Once I had settled in that evening I made some enquiries with the owners about hiking in the area, and especially the two long distance trails, the Otter Trail and the Tsitsikamma Trail. The Otter trail seemed a fairly tough trail, especially the eleven river crossing, some of which you had to swim across depending on the tide. I didn't have the necessary equipment to fully waterproof my pack for a challenging crossing like that. I decided the Tsitsikamma trail through the mountains and forests was the trail for me. My plans were not looking hopeful; as I had expected you could not hike the trails by yourself. There was no-one else staying at the guesthouse, apart from four gap-year students from the UK whose only physical activity appeared to be drinking beer. I waited until the next day to phone the Regional Forestry Manager to see if anyone else was booked on the Tsitsikamma trail whom I could join. It was bad news; there were no bookings for the next fifteen days. My hiking plans had come to nothing.

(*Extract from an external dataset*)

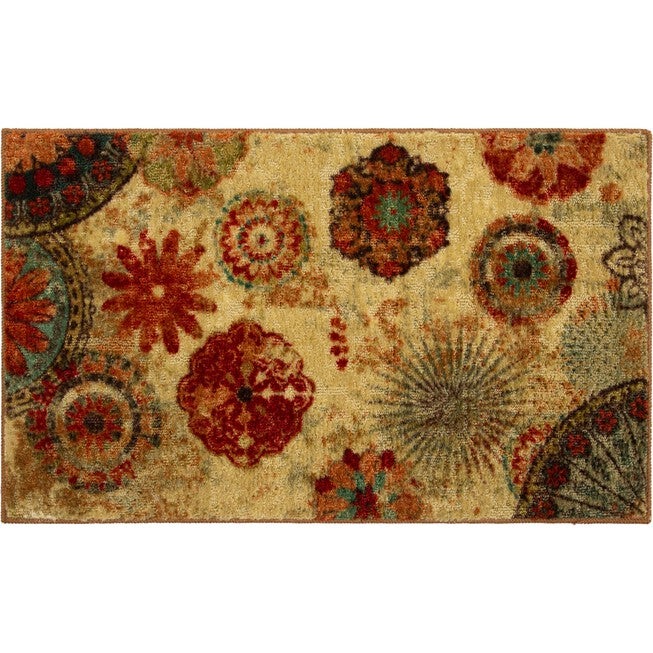 Caravan Medallion Multi 2' 6 inches X 3' 10 inches, MULTI, hi-res image number 0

Instead I spent the rest of the day on short hiking trails in the surrounding local forests. I walked to the eastern edge of the village to the start of the Goesa Nature Walk. The trail is short at only 2km but takes in some fantastic indigenous forest, the highlight being the forest of tree ferns about halfway along the trail. These ancient trees made the forest seem almost prehistoric, as though time had stood still. The indigenous forests of the southern Cape look similar to the classical rain forests of the tropical regions. There are some major differences though. These forests here are not as tall, with a canopy height of about 27m and are not so species diverse. There are 470 different forest species, of which 87 are tree species. The major tree species are the yellowwood, ironwood, stinkwood, white pear, cape beech and cherrywood. The Goesa Nature Walk didn't take long to stroll around, so I walked north out of the village and along the N2 to the Ratel Nature Walk. This walk is longer at 4.2km and runs along the lower slopes of the mountains of the Tsitsikamma range. After half a kilometre I reached the Tsitsikamma Big Tree, a giant yellowwood and a popular tourist attraction. The walk through the forest gave me a glimpse of what I was missing on the Tsitsikamma Trail.

I decided that I would leave Storms River the next day and travel to Cape Town, a city where I wanted to spend some time and where I had originally intended to end this journey.